How we cite our quotes:
Alfred Doolittle is an elderly but vigorous dustman, clad in the costume of his profession, including a hat with a back brim covering his neck and shoulders. He has well marked and rather interesting features, and seems equally free from fear and conscience. He has a remarkably expressive voice, the result of a habit of giving vent to his feelings without reserve. His present pose is that of wounded honor and stern resolution. (2.211)
Doolittle's clothing clashes with his other attributes: his facial features, his demeanor, and his voice. He is dressed like a dustman, but Shaw tells us that he is not the kind of person we might expect.
[[Doolittle] hurries to the door, anxious to get away with his booty. When he opens it he is confronted with a dainty and exquisitely clean young Japanese lady in a simple blue cotton kimono printed cunningly with small white jasmine blossoms. Mrs. Pearce is with her. He gets out of her way deferentially and apologizes]. Beg pardon, miss.
THE JAPANESE LADY. Garn!
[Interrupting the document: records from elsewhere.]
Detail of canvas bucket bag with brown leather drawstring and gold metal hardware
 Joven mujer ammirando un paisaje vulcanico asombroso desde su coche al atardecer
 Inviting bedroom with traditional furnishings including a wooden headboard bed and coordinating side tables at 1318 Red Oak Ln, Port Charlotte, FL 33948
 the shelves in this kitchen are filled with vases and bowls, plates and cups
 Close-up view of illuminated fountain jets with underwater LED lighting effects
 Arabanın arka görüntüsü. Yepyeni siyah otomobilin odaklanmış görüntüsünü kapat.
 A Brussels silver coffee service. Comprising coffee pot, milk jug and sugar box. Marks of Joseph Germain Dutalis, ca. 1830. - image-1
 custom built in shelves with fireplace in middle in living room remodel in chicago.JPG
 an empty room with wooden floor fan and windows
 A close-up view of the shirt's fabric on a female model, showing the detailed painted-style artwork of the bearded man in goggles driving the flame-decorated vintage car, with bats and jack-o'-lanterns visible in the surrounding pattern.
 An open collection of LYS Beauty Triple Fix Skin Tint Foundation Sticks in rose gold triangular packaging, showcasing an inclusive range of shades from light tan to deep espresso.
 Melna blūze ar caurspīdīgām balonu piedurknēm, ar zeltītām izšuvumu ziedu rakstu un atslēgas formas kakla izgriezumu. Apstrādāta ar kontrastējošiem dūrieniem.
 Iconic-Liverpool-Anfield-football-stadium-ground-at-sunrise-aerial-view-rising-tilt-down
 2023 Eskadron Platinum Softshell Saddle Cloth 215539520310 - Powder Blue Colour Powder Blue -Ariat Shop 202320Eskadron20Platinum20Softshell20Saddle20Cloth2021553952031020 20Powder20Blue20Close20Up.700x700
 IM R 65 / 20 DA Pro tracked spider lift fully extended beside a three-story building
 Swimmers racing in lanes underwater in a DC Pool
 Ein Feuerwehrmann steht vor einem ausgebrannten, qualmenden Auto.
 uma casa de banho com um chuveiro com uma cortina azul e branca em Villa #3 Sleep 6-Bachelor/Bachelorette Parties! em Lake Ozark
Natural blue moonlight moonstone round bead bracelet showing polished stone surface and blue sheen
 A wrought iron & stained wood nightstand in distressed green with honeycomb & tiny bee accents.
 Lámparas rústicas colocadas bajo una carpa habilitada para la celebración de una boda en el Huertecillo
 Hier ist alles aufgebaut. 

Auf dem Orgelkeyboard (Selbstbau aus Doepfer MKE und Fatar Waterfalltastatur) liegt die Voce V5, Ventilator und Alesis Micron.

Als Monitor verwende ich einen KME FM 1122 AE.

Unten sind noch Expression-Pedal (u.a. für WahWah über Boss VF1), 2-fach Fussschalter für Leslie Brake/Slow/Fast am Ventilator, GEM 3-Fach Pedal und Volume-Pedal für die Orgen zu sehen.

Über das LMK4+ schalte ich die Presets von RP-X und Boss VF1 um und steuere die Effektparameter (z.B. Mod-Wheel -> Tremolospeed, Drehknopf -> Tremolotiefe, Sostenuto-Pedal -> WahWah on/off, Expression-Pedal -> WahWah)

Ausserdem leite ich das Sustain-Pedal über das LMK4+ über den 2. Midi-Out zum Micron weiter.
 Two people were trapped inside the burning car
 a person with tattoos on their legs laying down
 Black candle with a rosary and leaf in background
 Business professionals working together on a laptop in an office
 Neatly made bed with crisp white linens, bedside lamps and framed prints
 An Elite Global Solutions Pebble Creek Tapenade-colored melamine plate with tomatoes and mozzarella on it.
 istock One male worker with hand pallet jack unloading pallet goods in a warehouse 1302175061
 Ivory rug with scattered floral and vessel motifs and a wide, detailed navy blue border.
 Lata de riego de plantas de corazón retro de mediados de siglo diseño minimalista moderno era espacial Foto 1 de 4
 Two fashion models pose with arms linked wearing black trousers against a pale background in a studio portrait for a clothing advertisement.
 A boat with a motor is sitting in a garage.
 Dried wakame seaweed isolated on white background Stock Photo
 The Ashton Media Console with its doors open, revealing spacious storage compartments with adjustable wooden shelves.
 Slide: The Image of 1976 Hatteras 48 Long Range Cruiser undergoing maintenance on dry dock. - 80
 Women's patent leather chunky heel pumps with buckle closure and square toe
Don't you know your own daughter? (2.289-290)
Just as with the upstarts Higgins mentions (see 1.120), all it takes is a single word to disrupt an extremely powerful illusion.
There is a portrait of Mrs. Higgins as she was when she defied fashion in her youth in one of the beautiful Rossettian costumes which, when caricatured by people who did not understand, led to the absurdities of popular estheticism in the eighteen-seventies.
In the corner diagonally opposite the door Mrs. Higgins, now over sixty and long past taking the trouble to dress out of the fashion, sits writing at an elegantly simple writing-table with a bell button within reach of her hand. (3.3-4)
Mrs. Higgins's graceful beauty and her ability to define herself against fashion suggest that she is very comfortable with herself, that she knows, deep down, who she is.